American Canadian engineer and photographer

William Sylvester Alpheus Beal (16 January 1874 – 25 January 1968) was a Canadian sawmill engineer. Beal was one of the first Black settlers to move to Manitoba and lived in Swan River Valley for almost sixty years, homesteading property there after his arrival in 1906. Among his many interests were book collecting and photography; his photographs have attracted attention for their artistic merit as well as being a record of pioneer life in rural Manitoba around 1920.

==Early life and education==

William Sylvester Alpheus Beal was born 16 January 1874 in Chelsea, Massachusetts. His parents were Charles R. Beal, a bookseller, and Loretta H. Freeman. In the racial category of census records, his mother was listed as "mulatto" and his father was listed as "multiple"; they lived in a white neighborhood, suggesting they may have passed as white.

He grew up in Minneapolis, Minnesota, graduating from North Community High School in 1898.

==Arrival in Manitoba==

Beal may have traveled to Montana and/or British Columbia before 1906, when he arrived in Swan River Valley.

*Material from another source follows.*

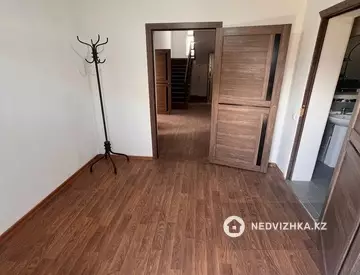 6-комнатный дом, 6 соток, 232 м², миниатюра 1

In the early 1900s, an aggressive campaign from the Canadian government encouraged people living in the United States to homestead in the prairies, in an effort to displace the First Nations and Métis people. Though advertisements targeted white people, Beal made his way to Manitoba to become an engineer. He was the first Black resident in the area. Five years after his arrival, the Canadian government banned Black people from immigrating to Canada.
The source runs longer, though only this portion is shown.